- **Assignment**: Please reproduce all entries word for word, leaving every image behind.

- **Dataset records**:

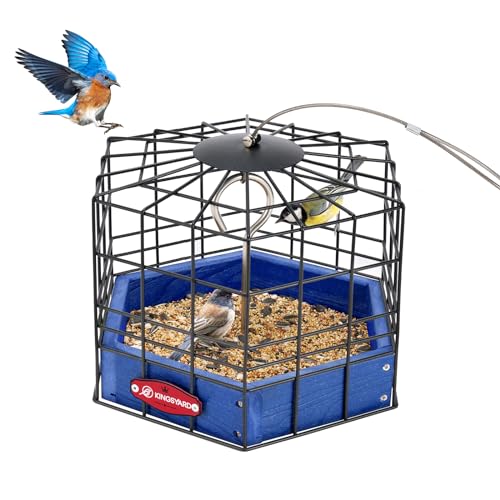 Kingsyard Squirrel Proof Platform Bird Feeder for Outdoor Hanging, Caged Bird Feeder for Bluebird Mealworm, Recycled Plastic Feeding Platform with Metal Mesh Tray, Special for Small Birds, Blue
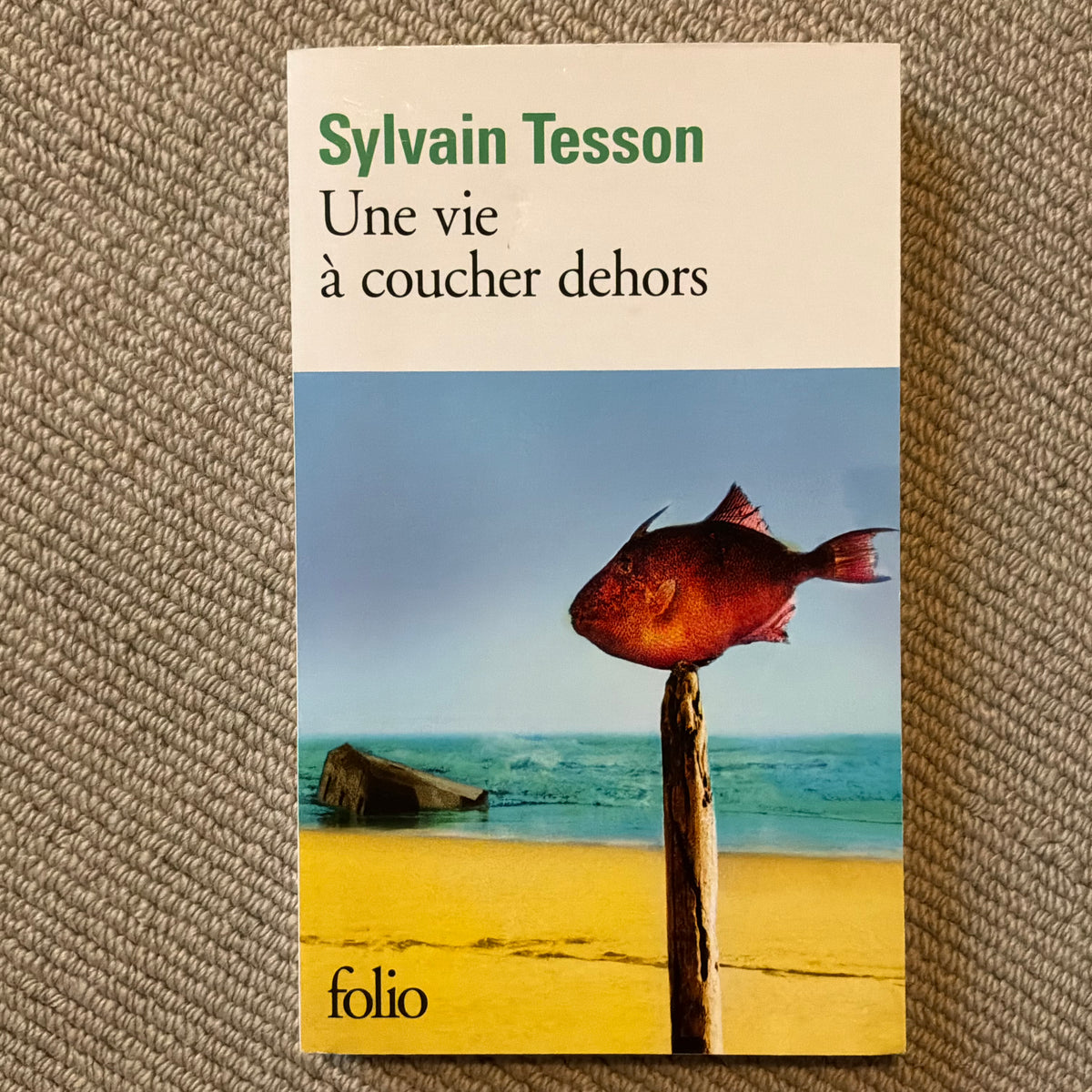 Tesson, Sylvain - Une vie à coucher dehors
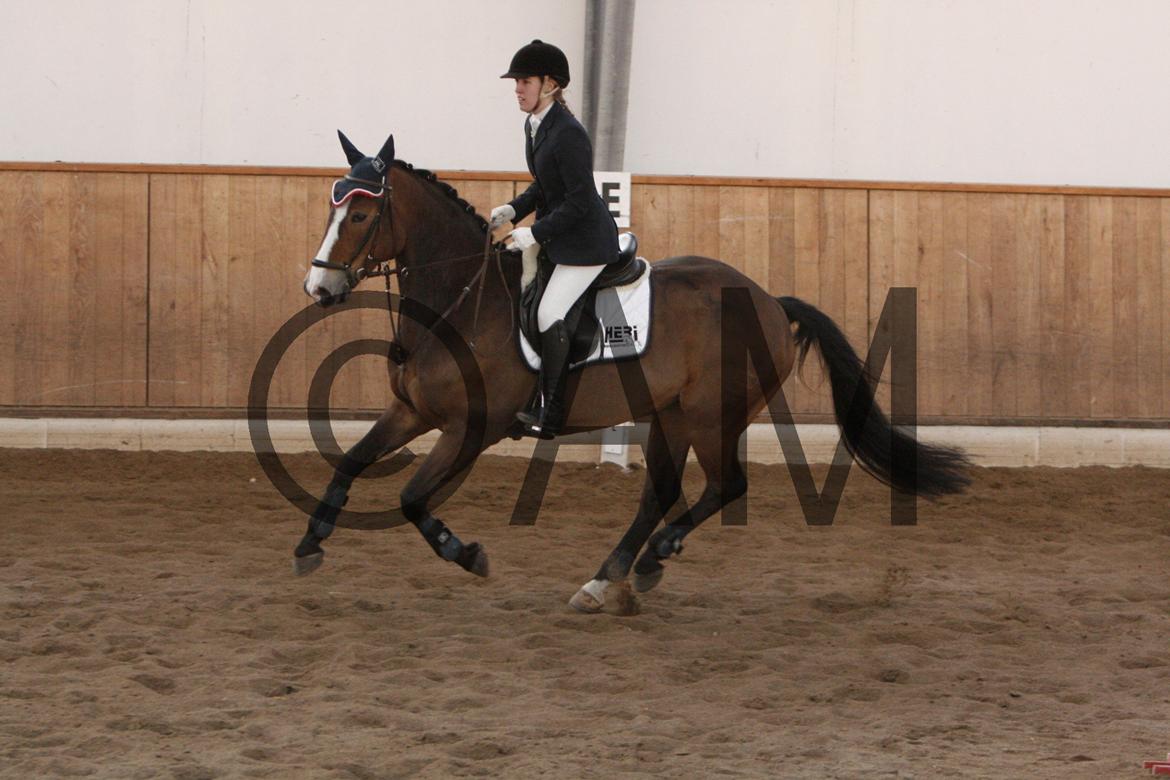 17/03 - 13 | Glostrup rideklub, spring billede 233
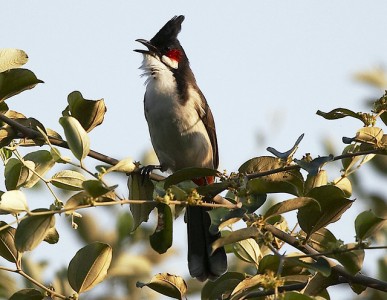 Preserving Extinct and Endangered Animal species in India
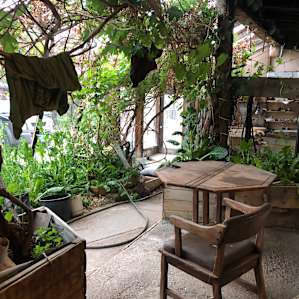 grapeartment
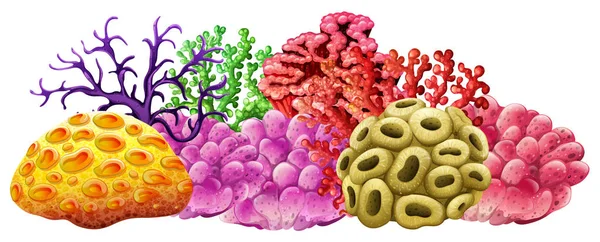 Diferentes colores de arrecife de coral — Vector de stock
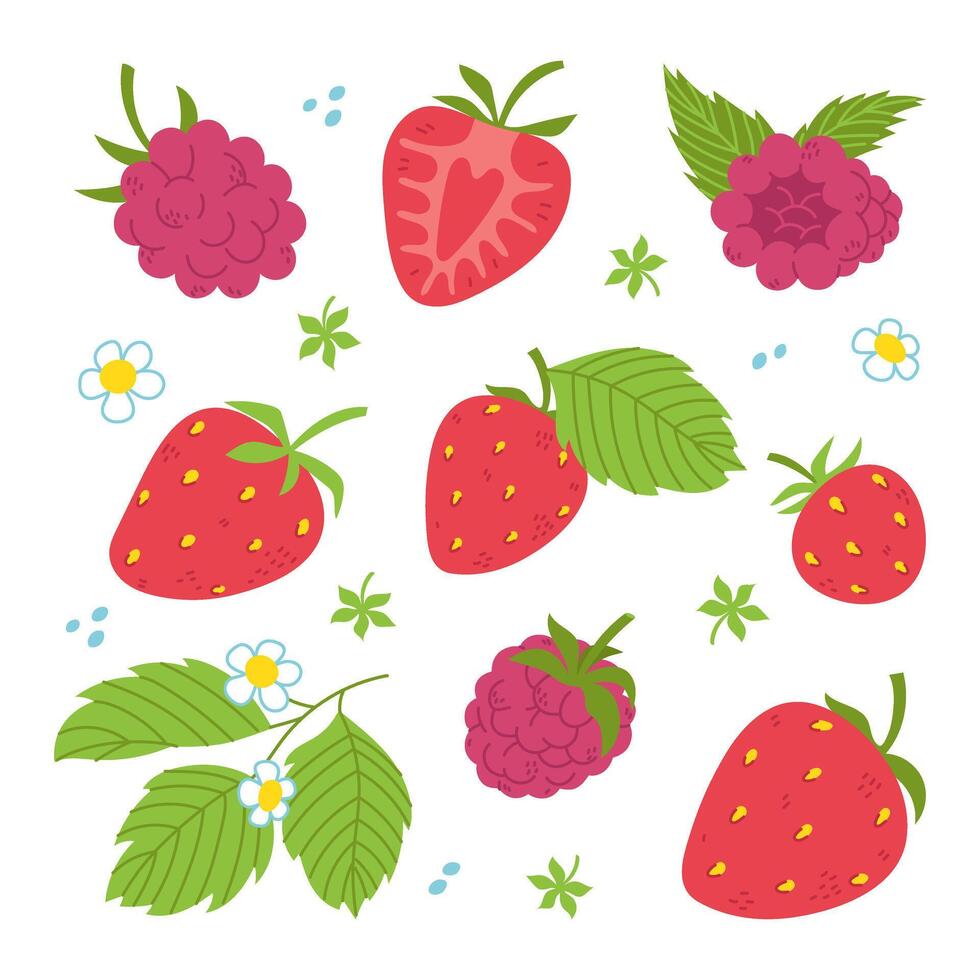 Fruits set. Strawberries and raspberries, whole and slices, leaves. Free hand illustration isolated on white vector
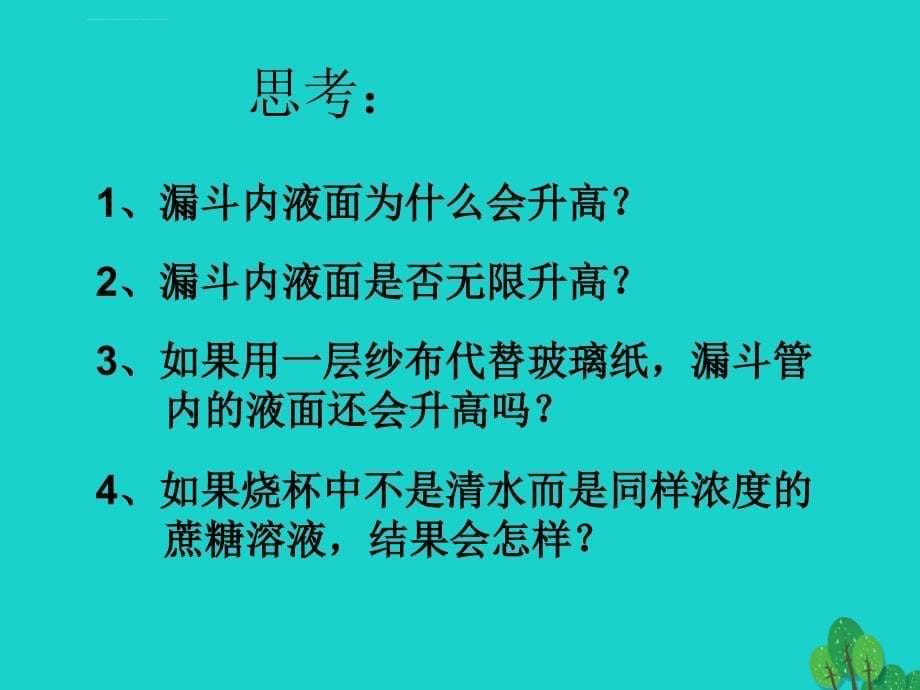 高中生物 第3章 细胞的代谢 3_2 物质出入细胞的方式课件 浙科版必修11_第5页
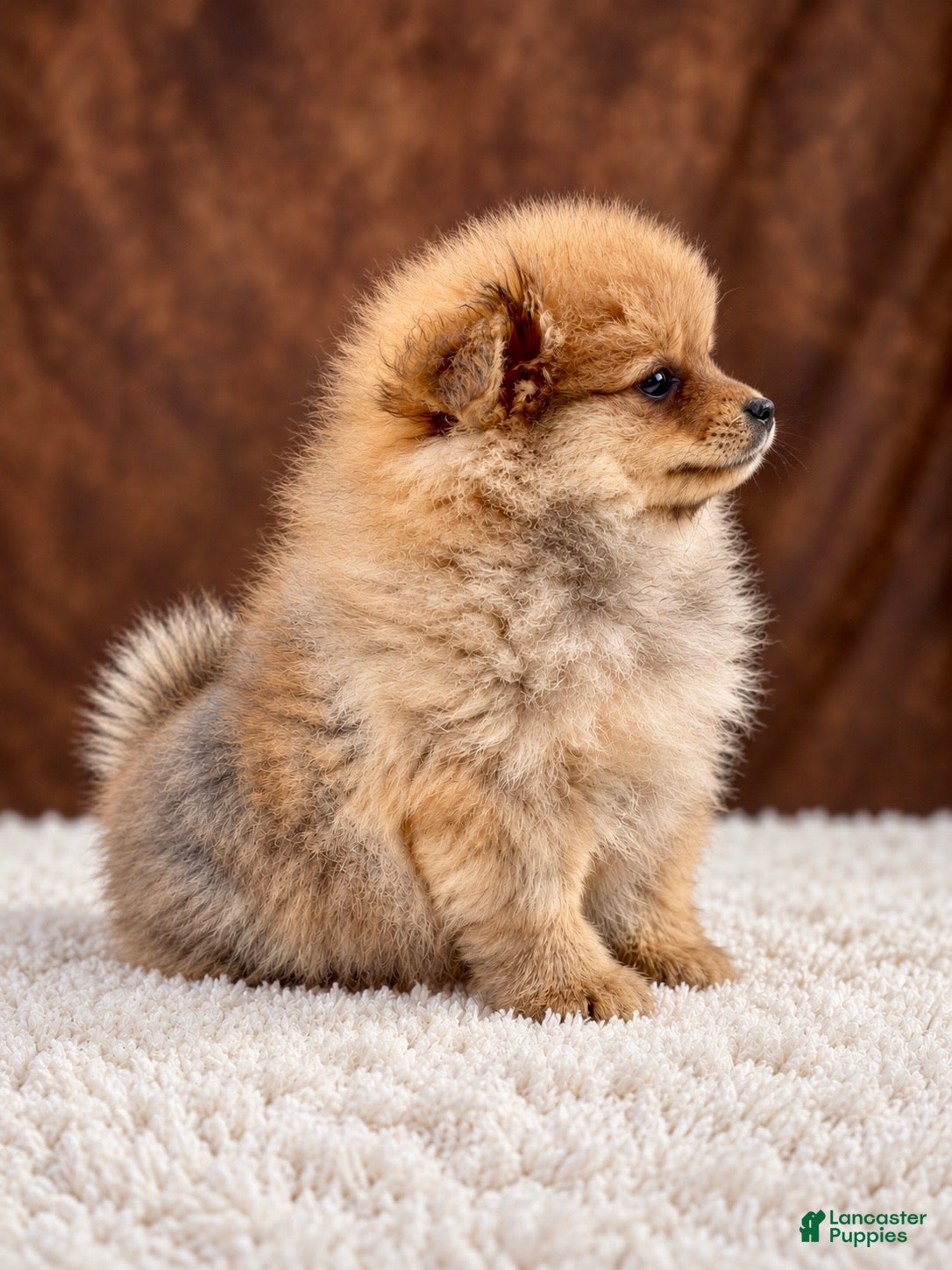 Pomeranian dogs Girl Bluey - Ad 2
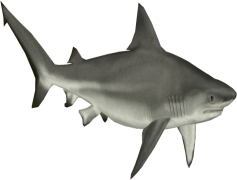 Bull Shark, Aggressive Nature, Strong Swimmer, Coastal Predator, Apex Hunter PNG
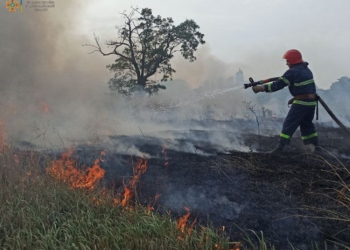 На Миколаївщині за добу зареєстровано 4 «мирних» пожежі (ФОТО)
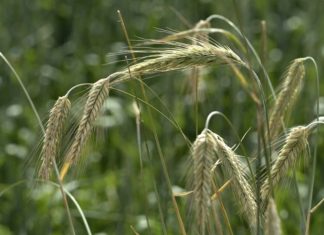 “The Dark Side of Weight Loss: How Black Bread Can Be Your Secret Weapon”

- **Written solution**:
 Kingsyard Squirrel Proof Platform Bird Feeder for Outdoor Hanging, Caged Bird Feeder for Bluebird Mealworm, Recycled Plastic Feeding Platform with Metal Mesh Tray, Special for Small Birds, Blue
 Tesson, Sylvain - Une vie à coucher dehors
 17/03 - 13 | Glostrup rideklub, spring billede 233
 Preserving Extinct and Endangered Animal species in India
 grapeartment
 Diferentes colores de arrecife de coral — Vector de stock
 Fruits set. Strawberries and raspberries, whole and slices, leaves. Free hand illustration isolated on white vector
 高中生物 第3章 细胞的代谢 3_2 物质出入细胞的方式课件 浙科版必修11_第5页
 Pomeranian dogs Girl Bluey - Ad 2
 Bull Shark, Aggressive Nature, Strong Swimmer, Coastal Predator, Apex Hunter PNG
 На Миколаївщині за добу зареєстровано 4 «мирних» пожежі (ФОТО)
 “The Dark Side of Weight Loss: How Black Bread Can Be Your Secret Weapon”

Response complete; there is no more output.